India may put a previously shelved mandate for industries to switch their current consumption of fossil fuel-derived hydrogen to green alternatives back on the table, according to a senior government official.
In December last year,
India passed a law that made provisions for the government to mandate “a minimum share of consumption” of non-fossil energy or feedstock for certain “designated consumers”.
But weeks later, RK Singh, the minister for power, new and renewable energy, said there would be
no green hydrogen mandates on industry because the price of renewable H
2 was cheaper than grey hydrogen due to high gas prices, so it was “common sense” for users to buy the green variety.
Now, Bhupinder Singh Bhalla, the secretary of the Ministry of New and Renewable Energy (a senior civil servant), told the International Conference on Green Hydrogen in New Delhi today that a mandate was now likely — presumably due to a fall in the price of natural gas — adding: “We haven’t decided yet”.
Bhalla added that 70% of India’s annual production capacity by 2030 will be used for exports, implying that domestic industrial users — which consume around five million tonnes of grey hydrogen — may still be reluctant to switch to green H2 this decade.
India targets at least five million tonnes of annual green H2 production capacity by 2030, although its National Green Hydrogen Mission strategy document notes that this could rise to ten million tonnes a year to supply export markets. Hydrogen Insight has reached out to Bhalla’s office for clarification on which target he was referring to.
India’s national strategy aims to bring the cost of green hydrogen for use in refining and fertilisers into parity with fossil fuel-based H2 from 2026 onwards.
And while the government has ramped up policies to fill in this gap — such as
an upcoming double-sided subsidy auction and a
waiver of electricity transmission fees — these may each only shave off a fraction of a dollar from the per-kg cost of green H
2.
The proposed green hydrogen production subsidies only amount to an average of 40 rupees ($0.48/kg) over three years — a drop in the ocean compared to the maximum US clean hydrogen production tax credit of $3/kg over ten years.

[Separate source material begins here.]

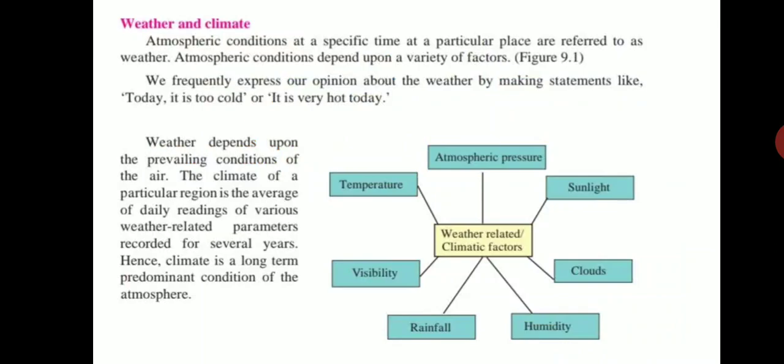These parameters are recorded for several years, and after that we can determine the climate of the region. Climate represents the long-term and prominent conditions of the atmosphere.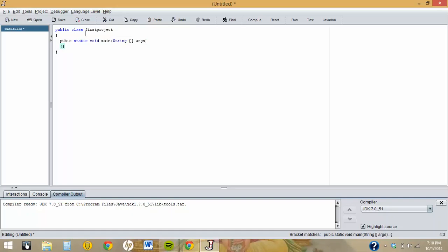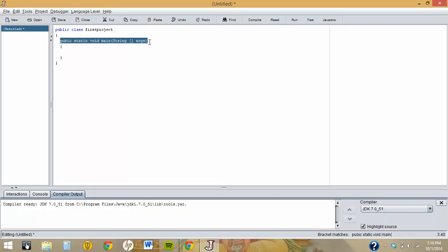So 'public class' is permanent and 'FirstProject' is the name — it's up to you, you can give any name to it. This next line is permanent, it should stay the same. This is called a method — the main method — and it says 'public static void main'. It should be the same for everyone. Here you can code anything, so I'm just going to print the Hello World line: 'System.out.println'.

India is also reportedly in talks to supply ten million tonnes of green hydrogen a year to the EU, which would be another reason why exports currently seem more appealing than local consumption.
The country has
recently secured a $1.5bn loan from the World Bank to ramp up green hydrogen support and launch its national carbon market, which would cap emissions from carbon-intensive industries and drive a shift away from fossil fuel feedstocks for hydrogen.